Omit the pictures, then write out every entry exactly as it reads.

>>>

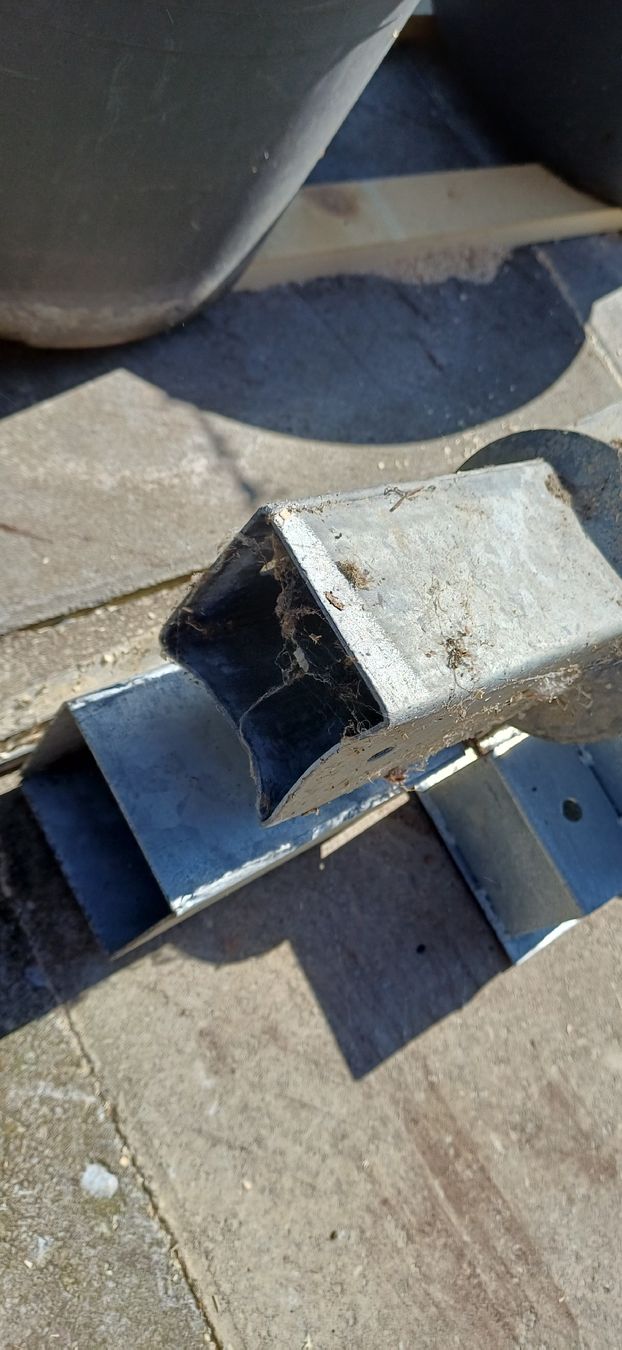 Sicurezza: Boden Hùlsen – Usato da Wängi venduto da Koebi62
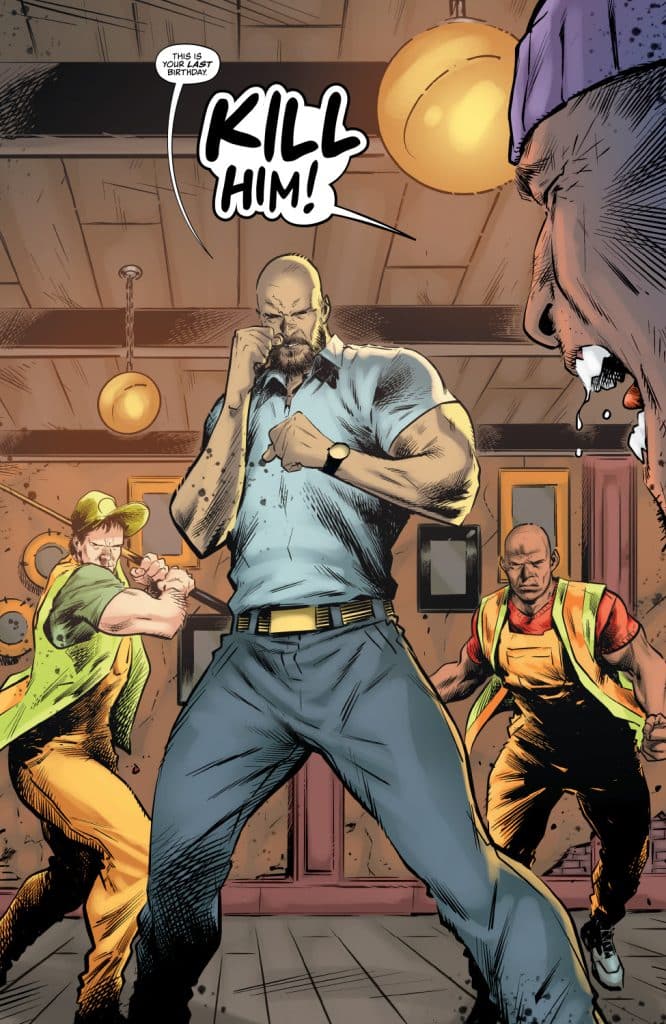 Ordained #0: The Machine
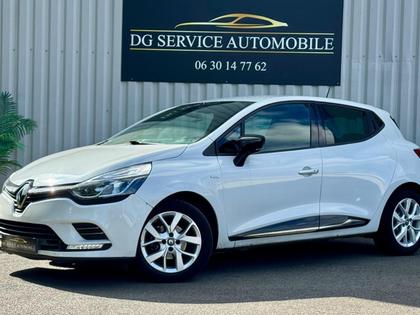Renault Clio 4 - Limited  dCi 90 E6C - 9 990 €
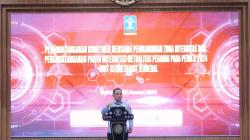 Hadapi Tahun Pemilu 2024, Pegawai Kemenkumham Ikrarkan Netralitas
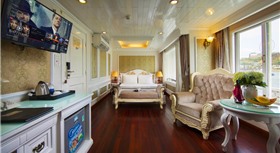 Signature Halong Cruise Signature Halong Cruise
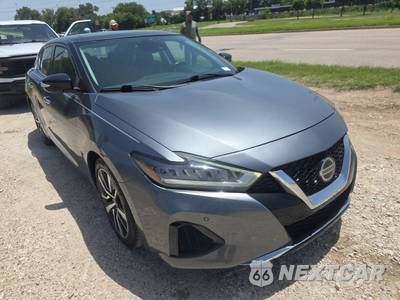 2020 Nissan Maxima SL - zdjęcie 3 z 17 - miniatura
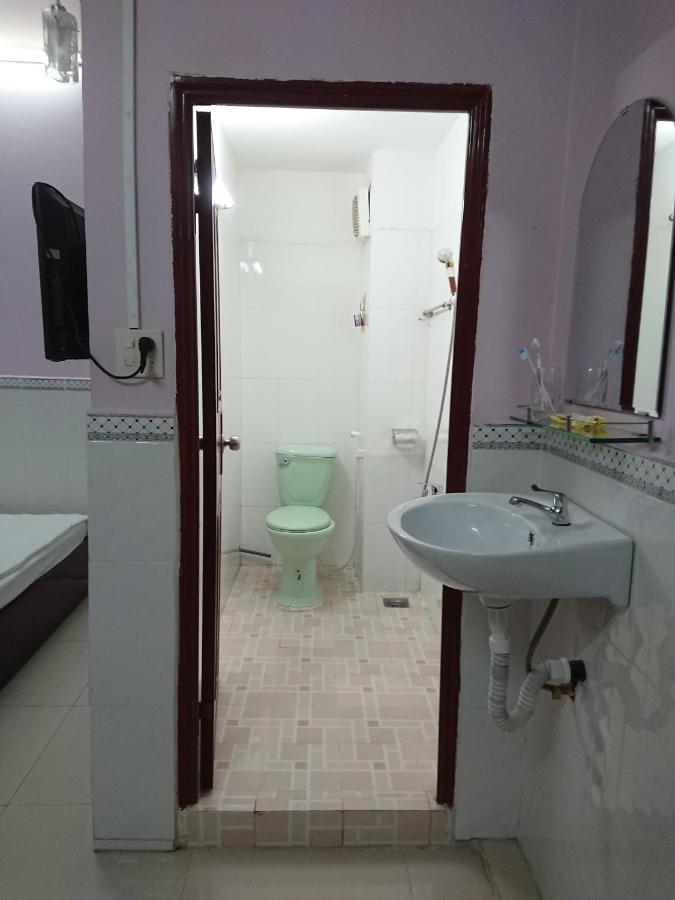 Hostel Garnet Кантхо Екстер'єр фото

<<<

• TASK SOLUTION:
 Sicurezza: Boden Hùlsen – Usato da Wängi venduto da Koebi62
 Ordained #0: The Machine
Renault Clio 4 - Limited  dCi 90 E6C - 9 990 €
 Hadapi Tahun Pemilu 2024, Pegawai Kemenkumham Ikrarkan Netralitas
 Signature Halong Cruise Signature Halong Cruise
 2020 Nissan Maxima SL - zdjęcie 3 z 17 - miniatura
 Hostel Garnet Кантхо Екстер'єр фото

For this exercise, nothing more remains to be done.